By Jane Wairimu
At some point in your life you might have come across news stories about members of a family colluding to ‘punish’ or kill another family member who they perceive has brought ‘shame’ on the family. Or perhaps you or someone you know, either a friend, work colleague or family member has been a victim of Honour Based Violence but you didn’t quite know what it was or how to explain it.
To start with, ‘Honour’ based violence or HBV, a form of gender violence, describes violence that is committed within the context of the extended family due to their perceived need to repair or re-establish their standing within their community which has been ‘lost’ due to the behaviour of a family member. Most victims of HBV are women and girls but men may also be at risk.
In addition, HBV can also be described as a set of cultural practices used to control behaviour within families as a way of preserving their perceived religious and cultural beliefs. This form of violence can be manifested when a relative/victim is perceived to have shamed the family by breaking the code of honour.
Honour based violence can exist in any community or culture where males, who predominantly hold positions of power and authority, establish and enforce women’s behaviour. Hence, women and girls may lose their ‘honour’ through expressions of independence especially when it comes to expressing their sexuality. Men, who can also be victims, experience HBV due to having a relationship which might be termed as inappropriate. For instance, if the man is suspected of being in a gay relationship or is found to be helping a victim of HBV.
Below are some of the common triggers for Honour Based Violence. This list is not exhaustive;
- Loss of virginity (applied to women)
- Having a relationship outside of one’s ethnicity
- Education and Employment (applied to women)
- Pregnancy outside of marriage
- Refusing an arranged marriage
- Attempting divorce (applied to women)
- Refusing to divorce when ordered to do so by family members
- Reporting domestic abuse (in the case of a woman in an abusive marriage)
- Behaviour and contact with the opposite sex without supervision of a family member
It is worth mentioning that HBV is a familial collective crime where many members of an extended family conspire in an organised way through a council of male family members and senior women within the family.

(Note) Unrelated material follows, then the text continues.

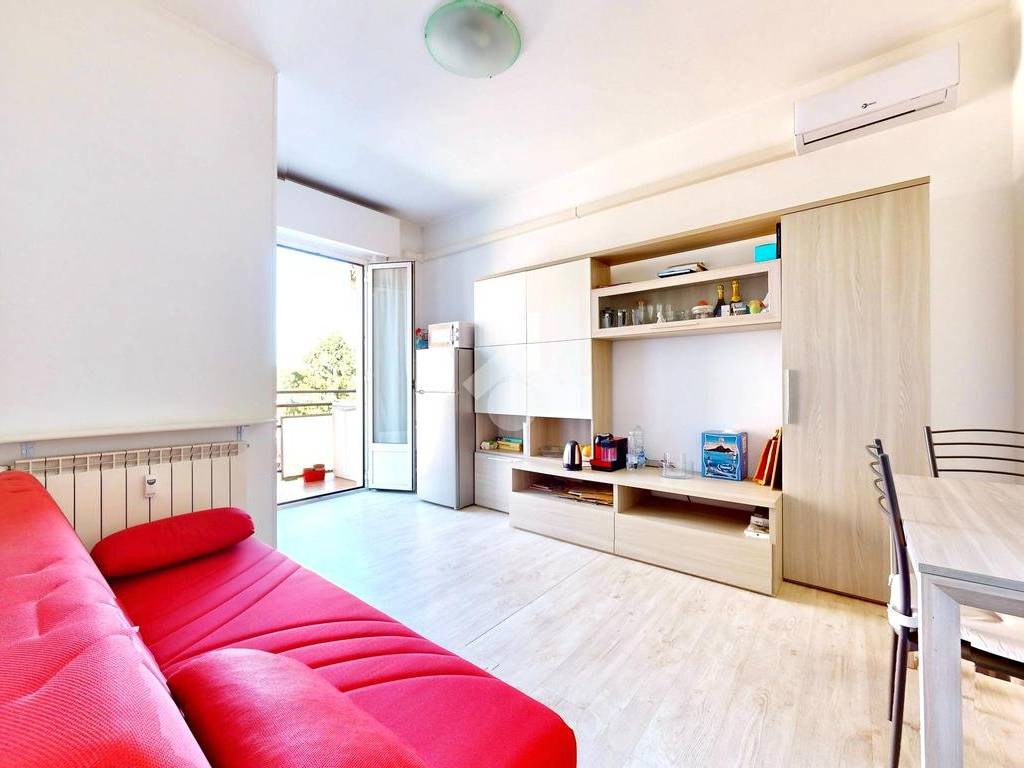 appartamento in vendita a Milano in zona Adriano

In extreme and tragic cases, HBV can result in an ‘honour killing’ where as the last resort the family will decide that a woman or man within the family should be killed for bringing ‘shame’ on the family.
The family may assign a family member or even to the extreme and pay a hit man to carry out the killing in an attempt to avert blame or responsibility for the killing. Honour Based Violence is a violation of human rights and there is never any justification for perpetrating this type of crime.
Passive and active forms ‘honour’ can be linked to the expectations of traditional feminine and masculine behaviour. For instance, women are meant to maintain their honour by completely conforming to the social norms of feminine behaviour while men are expected to be assertive and respond with violence to perceived violations against their own or their family’s honour.
Honour based violence is typically associated with countries in South Asia and the Middle East. Incidences of HBV have also been reported in parts of Europe. Incidences of HBV which do occur across the African continent are yet to be identified, reported and quantified as HBV.
Many of the victims of HBV tend to be people in their late teens and early twenties. This is considered the age of marriage. The victims of HBV are usually the most vulnerable members in our community therefore it is paramount that we defend their human rights. Apart from enacting and enforcing laws that prosecute the perpetrators of HBV, in the end people within the families that commit crimes linked to honour based crimes need to adjust and change their attitudes in order to help end this practice. We can all play a role in putting a stop to this practise. How? By raising awareness through community-based campaigns and putting pressure on our lawmakers to develop applicable laws that are enforceable and putting systems in place that will help the survivors and potential victims of ‘honour’ based violence.